Quotes about Relationships
The only fruitful relation to human beings—particularly to the weak among them—is love, that is, the will to enter into and to keep community with them. God did not hold human beings in contempt but became human for their sake.
— Dietrich Bonhoeffer
Self-centered love loves the other for the sake of itself; spiritual love loves the other for the sake of Christ.
— Dietrich Bonhoeffer
A Christian fellowship lives and exists by the intercession of its members for one another, or it collapses.
— Dietrich Bonhoeffer
In normal life one is often not at all aware that we always receive infinitely more than we give, and that gratitude is what enriches life.
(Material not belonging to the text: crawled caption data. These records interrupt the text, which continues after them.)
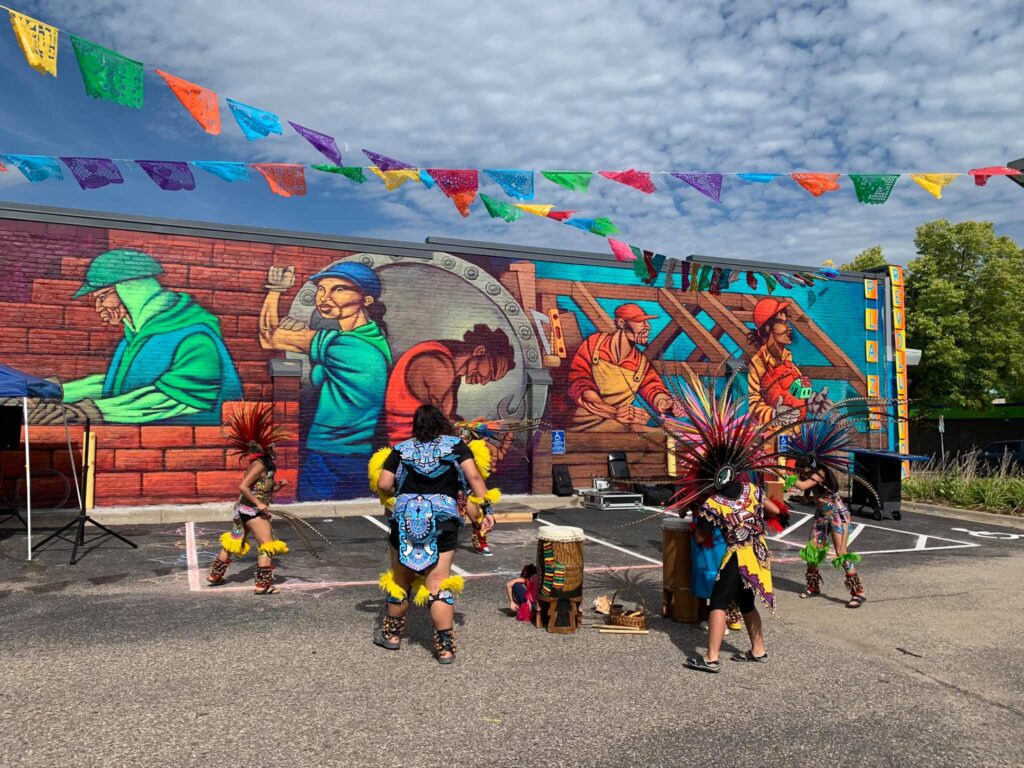 A group of performers move in a circle around a pair of drums.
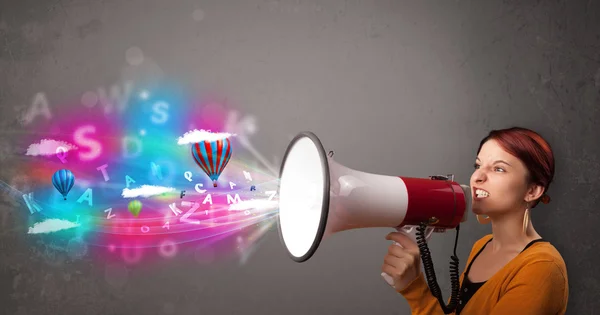 Girl shouting into megaphone and abstract text and balloons come — Stock Photo, Image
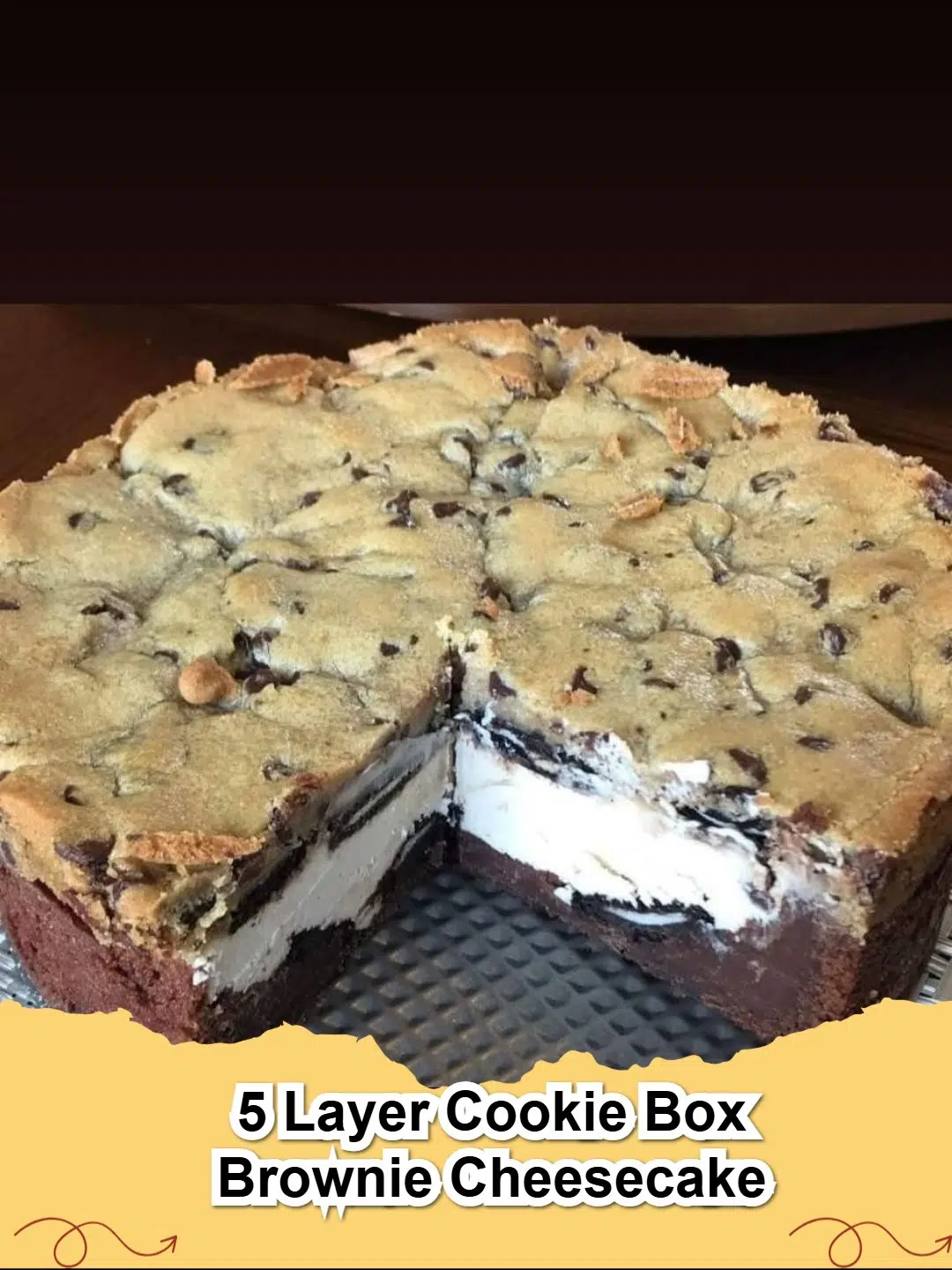 Slice of Five Layer Cookie Brownie Cheesecake showing distinct layers, topped with whipped cream and chocolate shavings.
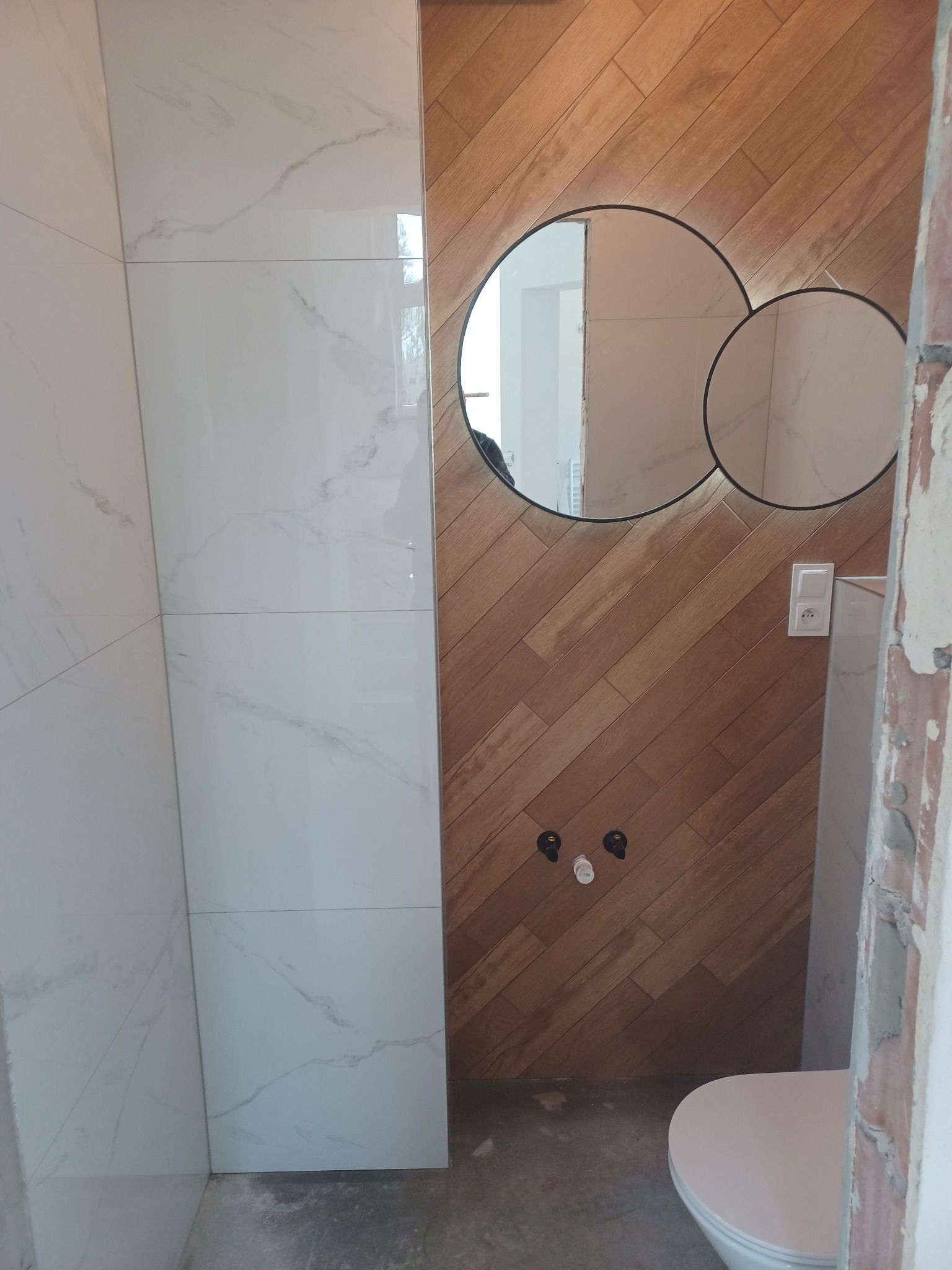 Wykończona łazienka w Rzeszowie z białymi płytkami imitującymi marmur i drewnopodobnymi ułożonymi w jodełkę. Na ścianie okrągłe lustro i biały sedes.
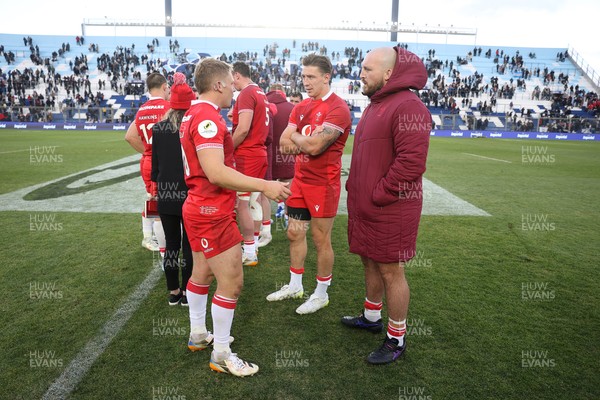 110726 - Argentina v Wales - Nations Championship - Sam Costelow, Josh Adams and Dillon Lewis of Wales at full time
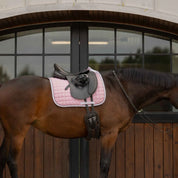 Side view of a bay horse wearing the pink Equinavia Svalbard Dressage Saddle Pad with NordicAir Tech under a saddle while standing in front of barn doors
One easily overestimates the importance of one's own acts and deeds, compared with what we become only through other people.
— Dietrich Bonhoeffer
God does not will that I should fashion the other person according to the image that seems good to me, that is, in my own image; rather in his very freedom from me God made this person in his image. I can never know beforehand how God's image should appear in others.
— Dietrich Bonhoeffer
The wish to be independent in everything is false pride. Even what we owe to others belongs to ourselves and is a part of our own lives, and any attempt to calculate what we have 'earned' for ourselves and what we owe to other people is certainly not Christian, and is, moreover, a futile undertaking.
— Dietrich Bonhoeffer
Spiritual love will speak to Christ about a brother more than to a brother about Christ. It knows that the most direct way to others is always through prayer to Christ and that love of others is wholly dependent upon the truth in Christ.
— Dietrich Bonhoeffer
But what is the finest book, or picture, or house, or estate, to me, compared to my wife, my parents, or my friend.
— Dietrich Bonhoeffer
The person who loves their dream of community will destroy community, but the person who loves those around them will create community.
— Dietrich Bonhoeffer
Love is not concerned with a person's accomplishments, it is a response to a person's being: This is why a typical word of love is to say: I love you, because you are as you are.
— Dietrich von Hildebrand
When we love somebody, whether it be a friend, a parent, a child, whether it be conjugal love or neighborly love, the beloved person always stands before us as something precious and noble in himself.
— Dietrich von Hildebrand
A bird & a fish can fall in love, but where do they make a home?